Cue Mr. Bush on the USS Abraham Lincoln, May 2003: “Any outlaw regime that has ties to terrorist groups or seeks to possess weapons of mass destruction is a grave danger to the civilized world and will be confronted.”
Mr. Obama also made the case for American exceptionalism, an attitude associated more with his predecessor.
America, he said, “has helped underwrite global security for more than six decades with the blood of our citizens and the strength of our arms.”
“We have borne this burden not because we seek to impose our will,” said Mr. Obama. “We have done so out of enlightened self-interest — because we seek a better future for our children and grandchildren, and we believe that their lives will be better if others’ children and grandchildren can live in freedom and prosperity.”
To be sure, the speech also included the sort of nuance that we’ve come to expect from Mr. Obama: He called himself a “living testimony to the moral force of non-violence” and said war is “never glorious” and “at some level is an expression of human folly.”

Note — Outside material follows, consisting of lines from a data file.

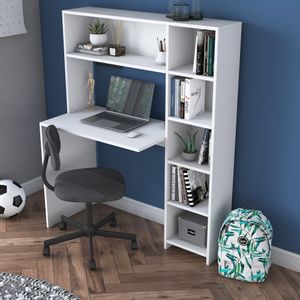 HA104 - 2063 White Study Desk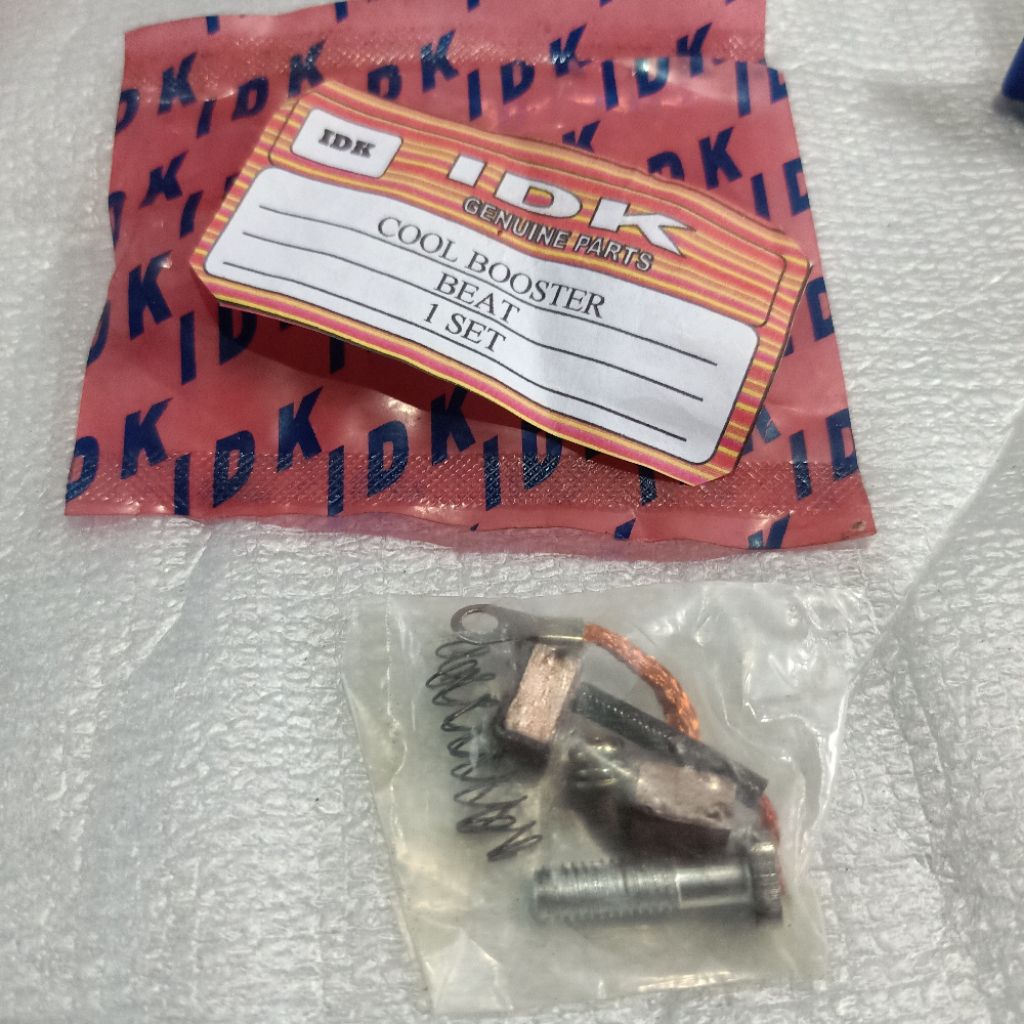 rumah Bostel Carbon Brush Arang Dinamo cool booster Honda beat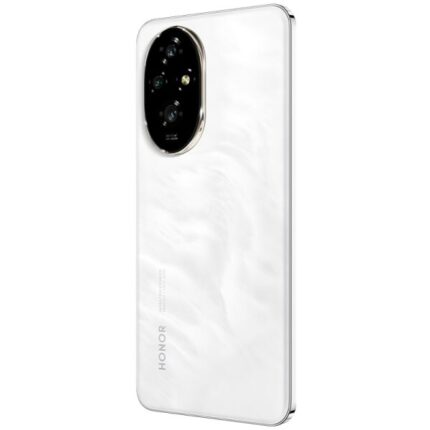 Смартфон HONOR 200 12/256GB Белый (Moonlight White) — изображение 5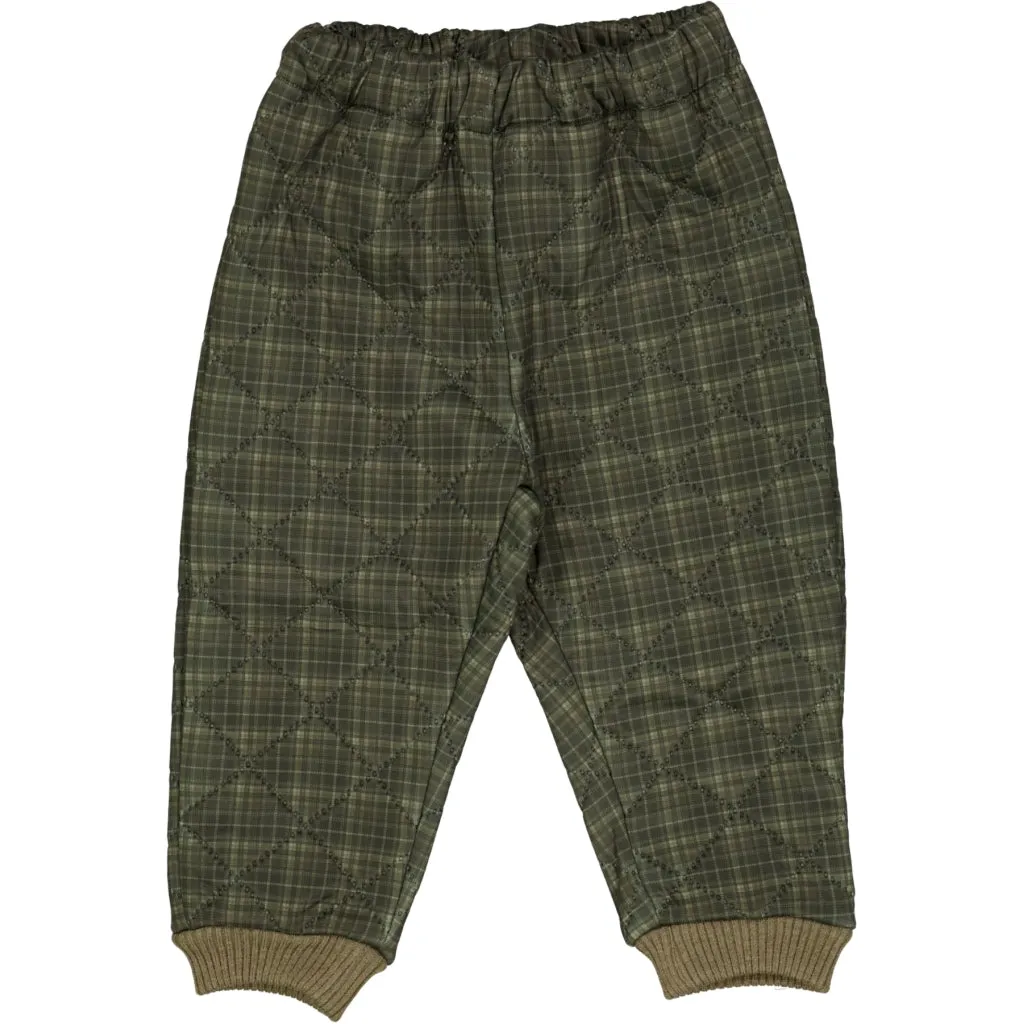 Ventilation Vents High Performance Blend Thermo Pants Alex - olive check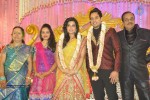 Tamil Stars at Bharat n Jessy Wedding Reception - 121 of 160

He said he was seeking “alternatives to violence that are tough enough to actually change behavior.” He spoke of the “spark of the divine that still stirs within each of our souls.”
“He is a subtle guy,” New York Times columnist Tom Friedman said after the speech. “It wasn’t George W. Bush, you know, ‘we’re out there promoting freedom in every corner of the world, this is where we are.’”
If you’re like me, then perhaps you agree on the idea that President Obama holds the job right now because he was so unlike President Bush. If you’re like me, perhaps you realize that there’s no way President Obama could have gotten elected if there hadn’t been such a visceral rejection of President Bush and his policies.
Please note that this analysis comes from Tom Friedman at the New York Times and CBS news. I think that if you were going to make the case that the media were complicit in making Obama look like Bush, when he really wasn’t like him at all, you couldn’t fall flatter on your face than by saying that CBS news and the New York Times are biased against him. In point of fact, I think the charge carries more weight because of who is making the charge. If this was the Washington Times and the Weekly Standard, well, that would certainly change the context, wouldn’t it?
And yet, President Obama seems to have embraced Bush and run away screaming from Bill Clinton. Go figure.